African-American woman doing laundry with a scrub board and tub, ca. 1900. Library of Congress Prints & Photographs Division, Washington, D.C.

Reconstruction, 1865–1877

The end of the Civil War in 1865 marked the beginning of putting the war-torn nation back together.

In this period, the nation faced three major challenges: how to reintegrate Southern states back into the Union; how to establish four million newly freed people as citizens of the United States; and how to rebuild a nation that had suffered catastrophic losses of human life and critical infrastructure. The assassination of Abraham Lincoln in April 1865 only complicated matters, leaving a power vacuum that no single political leader was prepared to fill. The Republican and Democratic parties subdivided into moderate and radical factions, creating a political morass that required constant compromise, often to the detriment of the new Black citizens.

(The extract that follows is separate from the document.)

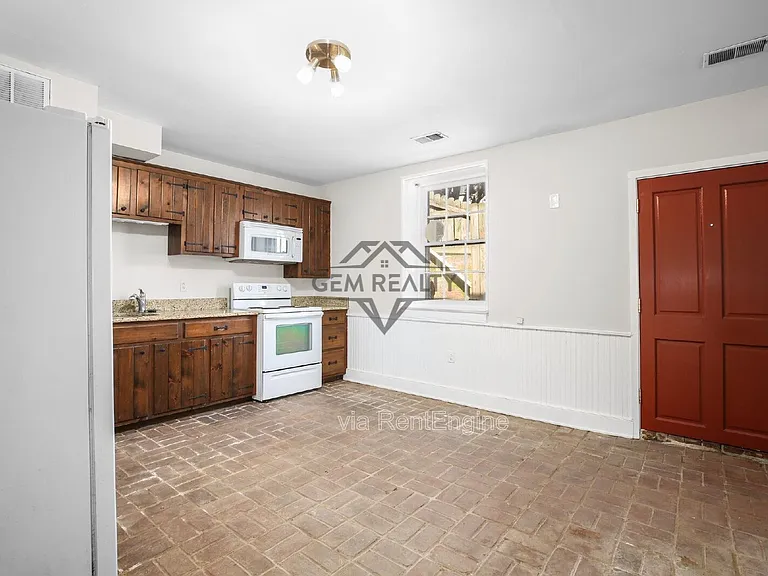 710 Caroline St #D — Photo 10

Women still could not vote, but that did not stop them from taking an active political role during Reconstruction. Confederate white women were called upon to take loyalty oaths to the U.S. government as part of the push to rebuild national ties. Black and white activists campaigned for voting rights and donated generously to politicians and political groups that represented their interests. Black women workers organized labor groups to push local governments to protect their rights.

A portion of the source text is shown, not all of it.